3月1日に行われた「第112回創立記念式」。
私がお話をしたのは、大きく2つでした。
1つ目は、「私たちは、西遠の112年という歴史と伝統の上に立っているが、同時に私たちの歩みこそが歴史と伝統を更新していることを、自覚し、意識していってほしい」ということです。
歴史や伝統は一夜にしてできるものではなく、幾多の先生や先輩が長い年月をかけて築き上げてくれたものです。
その積み上げられたものの上に私たちは生活できる、それはとても幸せなことですが、もしかしたらその幸せに気づかずにいるという人もいるでしょう。
記念式の2日前に、全校お別れ会がありました。
その第1部の式典の中で、卒業生代表の柘植さんが
「行事一つ一つを大切にしてください」と言い、
中でも「殉難学徒慰霊式は、西遠の平和教育の柱であり、平和の大切さを次へと伝承していくものです。」
と述べたことを、私はとても嬉しく感じました。
長く続く行事はいくつもありますが、もしも行事の形だけ表面だけを継承していったら、やがてその行事の意義は薄れ、行事自体すたれていってしまいます。
行事は「心」と共に伝承されていくべきです。
それを、柘植さんは教えてくれました。
生徒の皆さんがそういう認識を持ってくれたことを、私は大変頼もしく思いました。
記念式で語ったことの2つ目のこと。
それは、老校長先生の胸像の礎文です。
「幾度か辛酸をなめて志いよいよ堅し」
この言葉は、西郷隆盛の詩文がもとになっています。
今年の大河ドラマ「西郷どん」の主人公 西郷隆盛は、何度挫折を経験しても、諦めることなく信念を持ちつづけ行動した人として描かれています。
明治維新の立役者である彼の言葉を、創立者岡本巌先生もまた、大切に自分の言葉としていったのでしょう。
挫折を重ねても諦めることなく、不撓不屈の精神で、女子教育の根をしっかりと浜松に根づかせた岡本巌先生。
何もない「ゼロ」から始めた創立者の努力が、今は「112」という数字になっている・・・。

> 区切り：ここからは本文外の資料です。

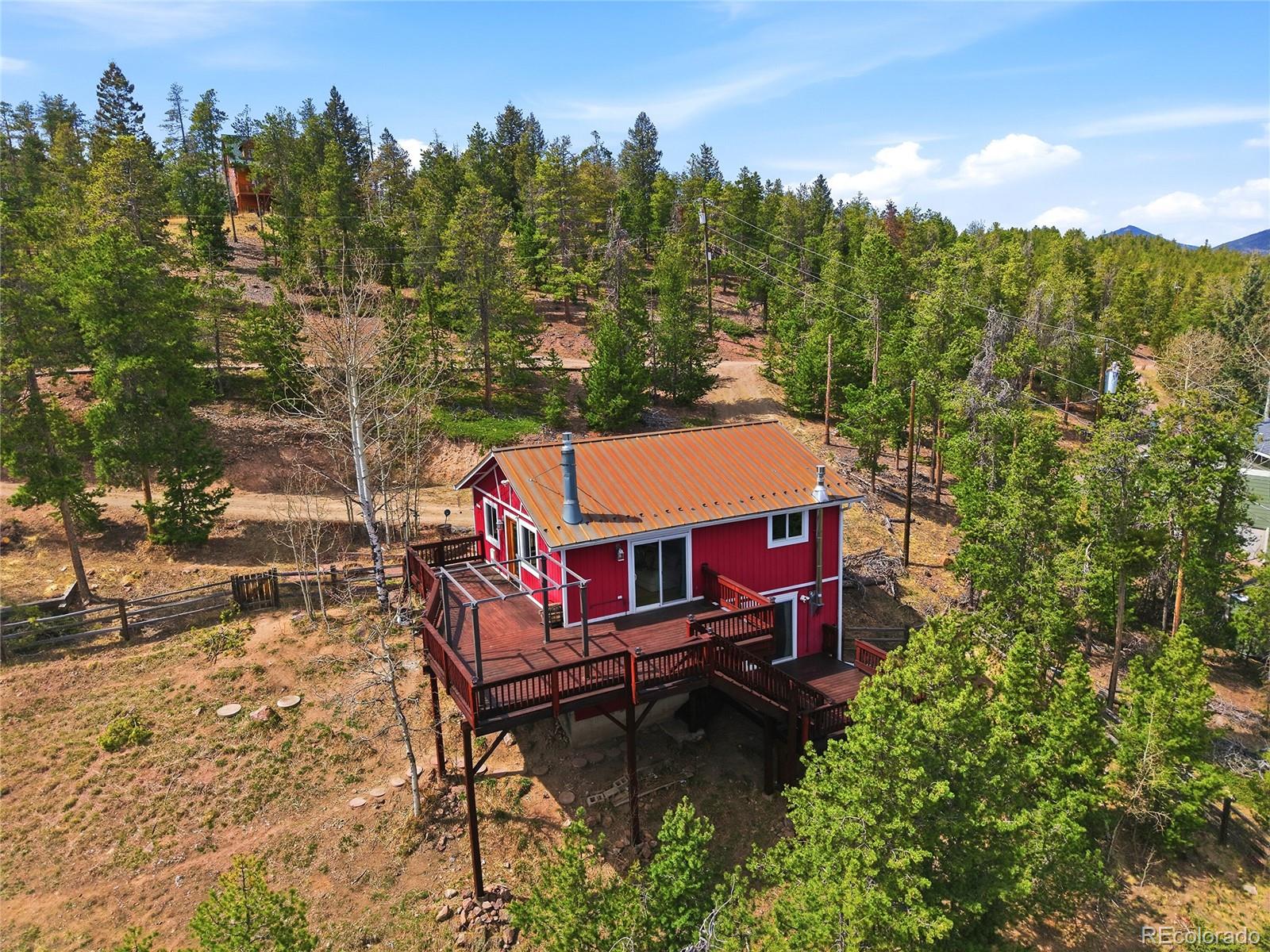 6928 Weasel Way Evergreen, CO 80439 - Photo 7 of 50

そのことを、生徒の皆さんも意識して日々を過ごしてほしいと私は思っています。
毎日、老校長先生の像の前で停止礼をするとき、思い出してほしいことです。
創立記念式でお話したのは、この2つでした。
記念式では、最初に西遠の歴史をまとめた番組を視聴しますが、一年に一度この番組を全校で見ることで、私たちは西遠の歴史を心に刻むことが出来ます。
学園の誕生日をお祝いするということは、そこに集う私たちが皆で歴史を想い、そこで生活する決意を新たにする日でもあると思うのです。